Astrocyte Ca2+signalling mediates long-distance metaplasticity in the hippocampal CA1

Abstract Astrocytes play an increasingly recognised role in regulating synaptic plasticity, but their contribution to metaplasticity is poorly understood. We have previously described a long-distance form of metaplasticity whereby priming stimulation in stratum oriens inhibits subsequent LTP in the neighbouring stratum radiatum of the hippocampal CA1 region of both rats and mice. Using genetic and pharmacological strategies to manipulate astrocytic Ca 2+ signalling, we now show this form of metaplasticity requires inositol triphosphate receptor-dependent Ca 2+ release in these cells. Blocking Ca 2+ signalling or inositol triphosphate receptors in single radiatum astrocytes abolishes the metaplasticity at nearby synapses. We also show the relevant Ca 2+ release in astrocytes is driven by adenosine A 2B receptors, and stimulation of these receptors elicits the metaplasticity effect both in vitro and in vivo . Further, the metaplasticity requires signalling via tumor necrosis factor, but this cytokine is required to act on astrocytes, not neurons.

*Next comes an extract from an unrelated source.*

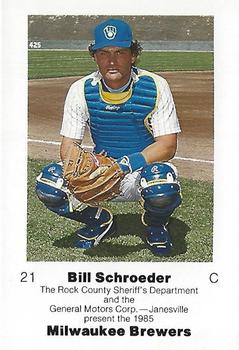 1985 Milwaukee Brewers Police - Rock County Sheriff's Department General Motors Corp Janesville #NNO Bill Schroeder Front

Instead, glutamate, acting on GluN2B-containing NMDA receptors, is the likely gliotransmitter that signals to neurons to inhibit LTP. Together these data reveal a novel role for astrocytes in hippocampal LTP regulation across broader spatiotemporal scales than previously recognised. Main points In hippocampal CA1, “priming” activity inhibits subsequent LTP at synapses hundreds of microns away. This effect requires astrocytic Ca 2+ signaling, and a molecular cascade involving adenosine A 2B receptors, tumor necrosis factor and GluN2B-containing NMDA receptors. The metaplasticity effect is evident in vitro and in vivo . Long-distance astrocyte signaling is a mechanism for regulating neural activity over broad spatiotemporal scales.